• TASK INSTRUCTIONS
The answer must be only the lines below from the one holding "12707 Willow Grove Way Property Photo 2" down to the one holding "Alfa Romeo Stelvio", ends included, printed exactly; please omit all pictures.

• STORED DATA

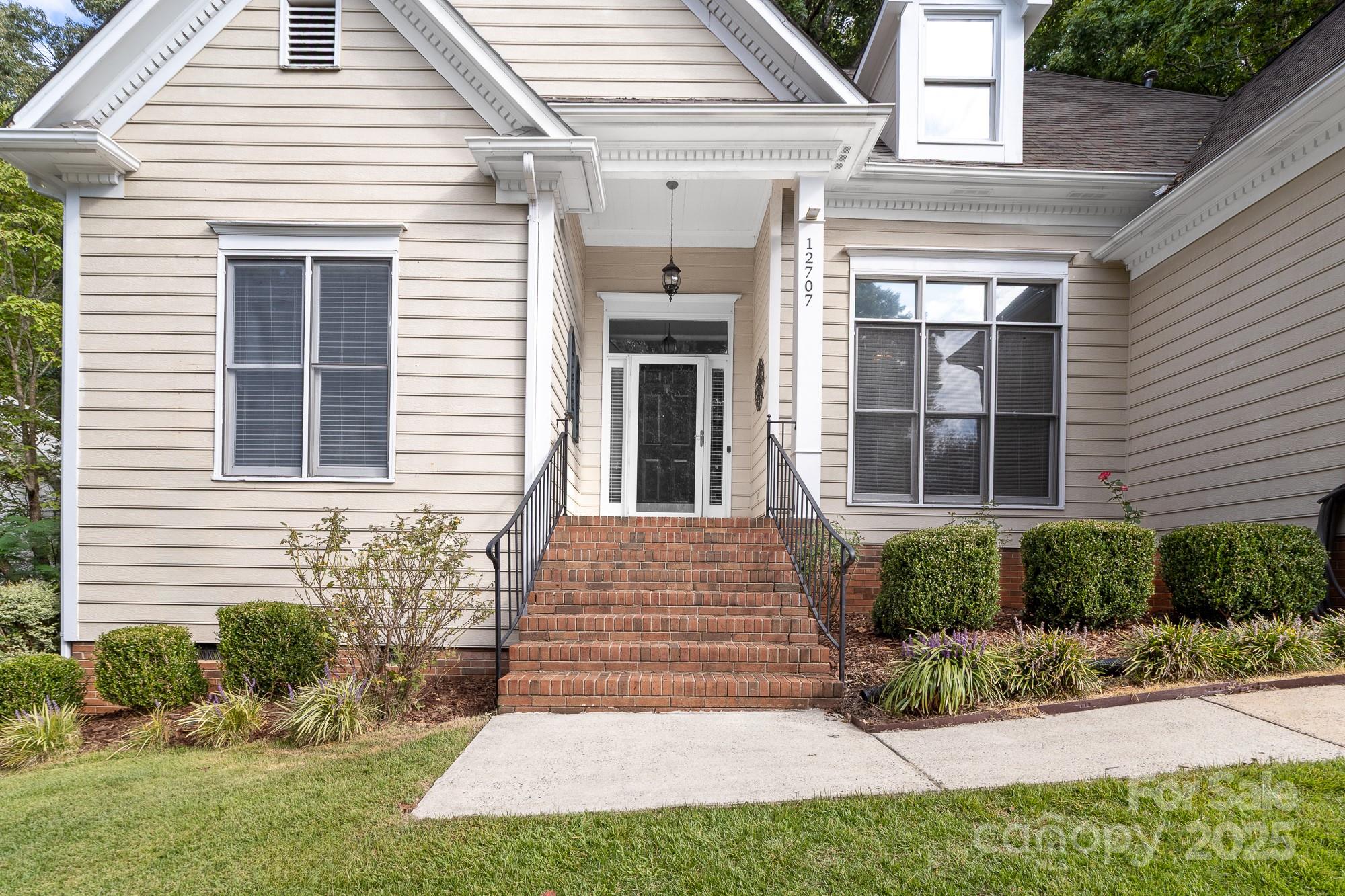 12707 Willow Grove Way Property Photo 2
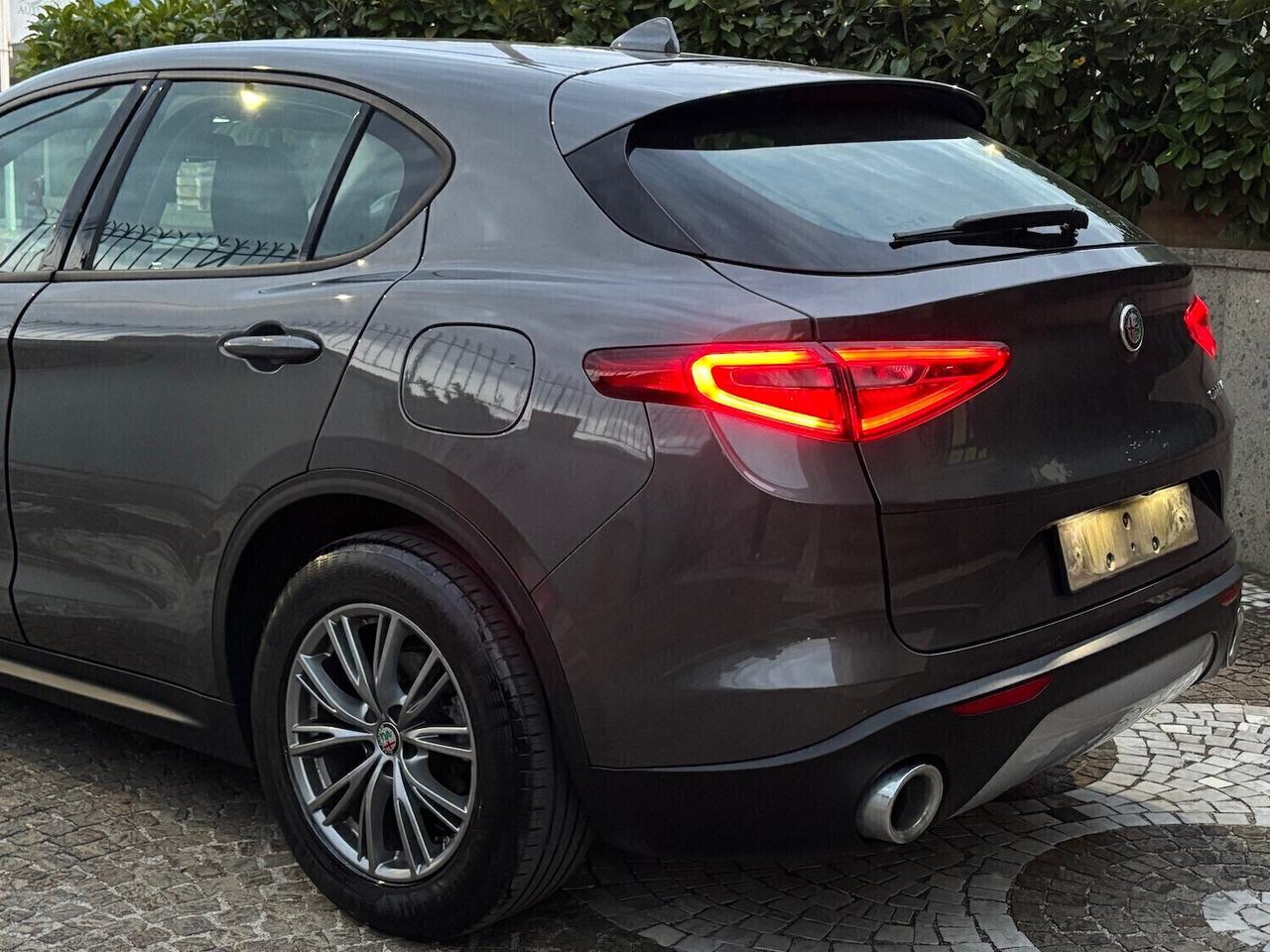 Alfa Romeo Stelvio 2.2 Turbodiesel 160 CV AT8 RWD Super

* * *

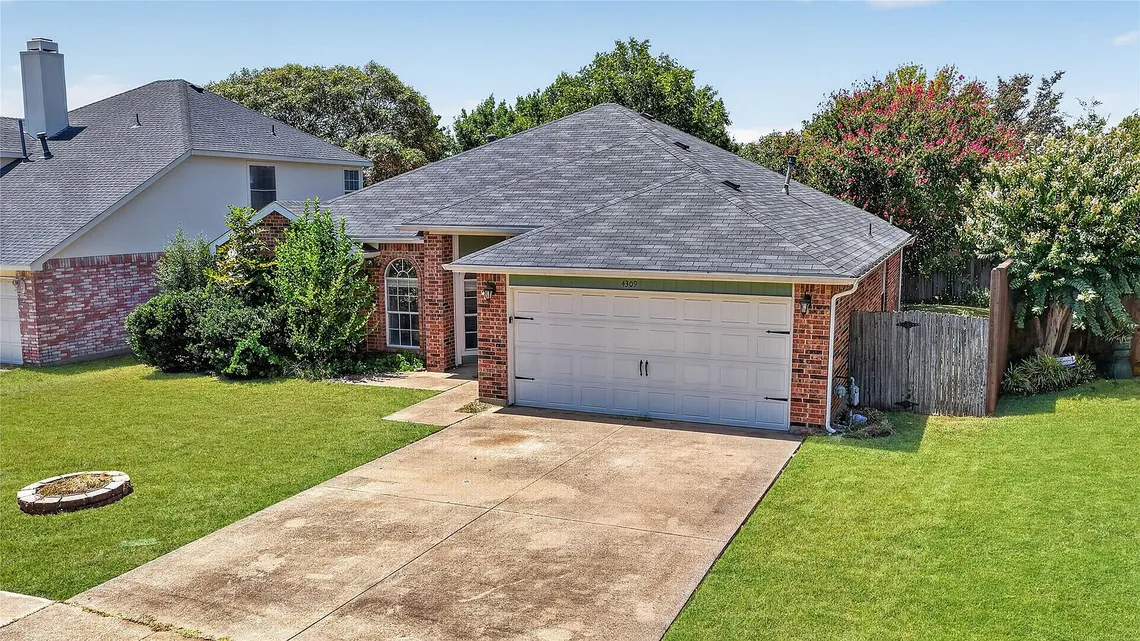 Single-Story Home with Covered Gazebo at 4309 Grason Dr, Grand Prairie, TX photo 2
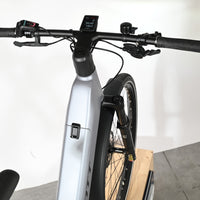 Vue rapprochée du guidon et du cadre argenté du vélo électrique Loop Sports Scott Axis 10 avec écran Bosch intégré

• ANSWER SPACE
 12707 Willow Grove Way Property Photo 2
 Alfa Romeo Stelvio 2.2 Turbodiesel 160 CV AT8 RWD Super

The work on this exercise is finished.